17 mins read
## Computing perplexity from sentence probabilities

## Perplexity and Entropy

## A quick recap of language models

## Evaluating language models

## Perplexity as the normalized inverse probability of the test set

### 1 Probability of the test set

### 2 Normalising

### 3 Bringing it all together

## Perplexity as the exponential of the cross-entropy

### Cross-entropy of a language model

### Weighted branching factor: rolling a die

### Weighted branching factor: language models

## Summary

In general, perplexity is a measurement of how well a probability model predicts a sample. In the context of Natural Language Processing, perplexity is one way to evaluate language models. A language model is a probability distribution over sentences: it’s both able to generate plausible human-written sentences (if it’s a good language model) and to evaluate the goodness of already written sentences. Presented with a well-written document, a good language model should be able to give it a higher probability than a badly written document, i.e. it should not be “perplexed” when presented with a well-written document.

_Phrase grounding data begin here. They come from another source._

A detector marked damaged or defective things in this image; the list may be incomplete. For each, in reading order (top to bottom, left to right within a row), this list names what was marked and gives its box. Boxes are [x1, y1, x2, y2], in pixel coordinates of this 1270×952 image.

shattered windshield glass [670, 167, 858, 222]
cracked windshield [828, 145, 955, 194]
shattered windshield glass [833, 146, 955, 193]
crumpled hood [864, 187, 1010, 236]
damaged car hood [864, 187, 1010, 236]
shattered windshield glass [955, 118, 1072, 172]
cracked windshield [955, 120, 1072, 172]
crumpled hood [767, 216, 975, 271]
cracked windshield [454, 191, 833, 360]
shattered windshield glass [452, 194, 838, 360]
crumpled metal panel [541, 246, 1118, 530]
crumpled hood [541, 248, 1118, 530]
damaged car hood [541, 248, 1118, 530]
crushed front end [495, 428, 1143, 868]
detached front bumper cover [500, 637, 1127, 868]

Thus, the perplexity metric in NLP is a way to capture the degree of ‘uncertainty’ a model has in predicting (i.e. assigning probabilities to) text. Now, let’s try to compute the probabilities assigned by language models to some example sentences and derive an intuitive explanation of what perplexity is.

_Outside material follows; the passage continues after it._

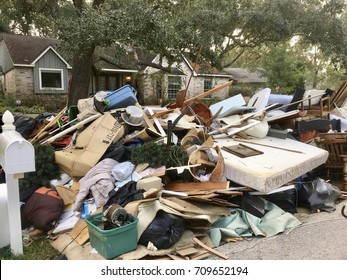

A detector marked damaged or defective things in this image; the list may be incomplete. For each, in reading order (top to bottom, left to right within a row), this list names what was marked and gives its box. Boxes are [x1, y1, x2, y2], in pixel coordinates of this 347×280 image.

flood-damaged mattress [216, 137, 330, 194]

Suppose we have trained a small language model over an English corpus. The model is only able to predict the probability of the next word in the sentence from a small subset of six words: *“a”*,* “the”*,* “red”*, *“fox”*,* “dog”*,* *and *“.”*.

Let’s compute the probability of the sentence *W, *which is “*a red fox.*”.

The probability of a generic sentence *W*, made of the words *w1*, *w2*, up to *wn*, can be expressed as the following:

P(W) = P(w1, w2, …, wn)

Using our specific sentence *W*, the probability can be extended as the following:

P(“a red fox.”) =

P(“a”) * P(“red” | “a”) * P(“fox” | “a red”) * P(“.” | “a red fox”)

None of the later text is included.